• Work to complete
An exact transcription is needed of the lines below from the one with "Playa Blanca Villa Sleeps 12 Pool Wifi" through the one with "A Secretaria de", with no other lines and no pictures.

• Input

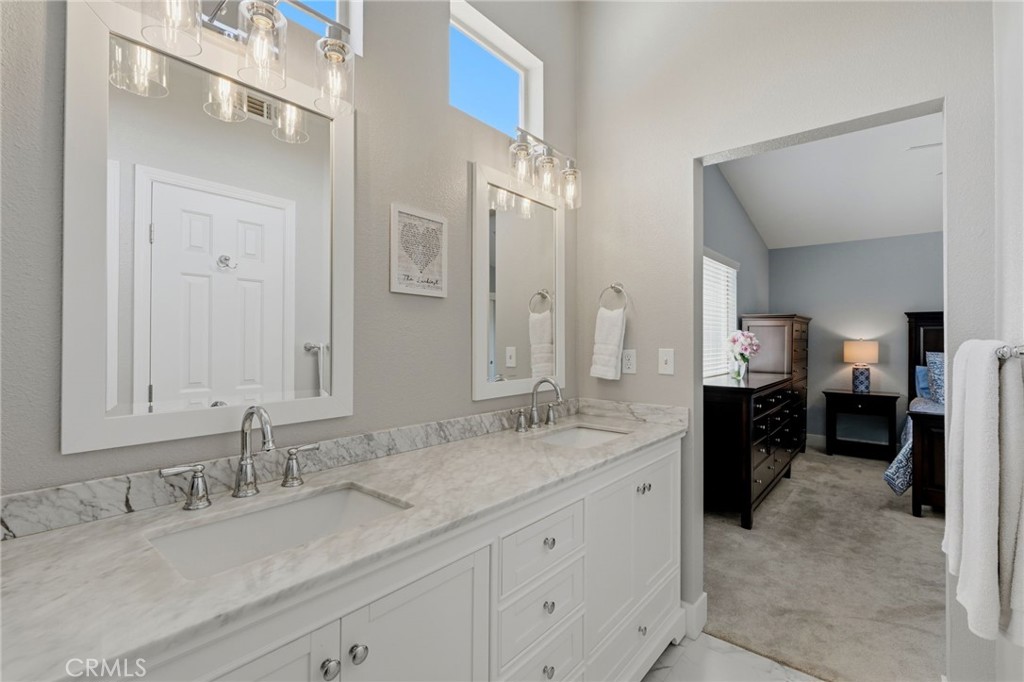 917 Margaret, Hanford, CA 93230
---
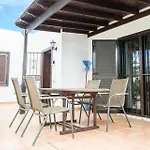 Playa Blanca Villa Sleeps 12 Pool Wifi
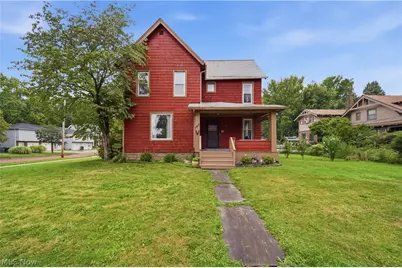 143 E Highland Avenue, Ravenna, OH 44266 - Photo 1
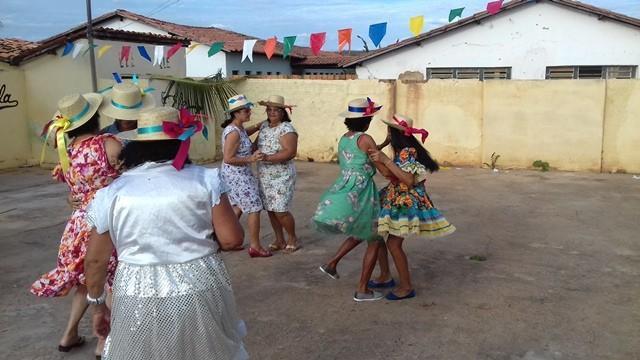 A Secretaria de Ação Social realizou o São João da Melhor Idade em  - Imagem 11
...
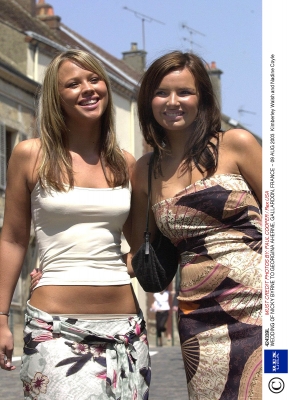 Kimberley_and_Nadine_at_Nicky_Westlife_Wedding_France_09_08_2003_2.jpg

• Task response
 Playa Blanca Villa Sleeps 12 Pool Wifi
 143 E Highland Avenue, Ravenna, OH 44266 - Photo 1
 A Secretaria de Ação Social realizou o São João da Melhor Idade em  - Imagem 11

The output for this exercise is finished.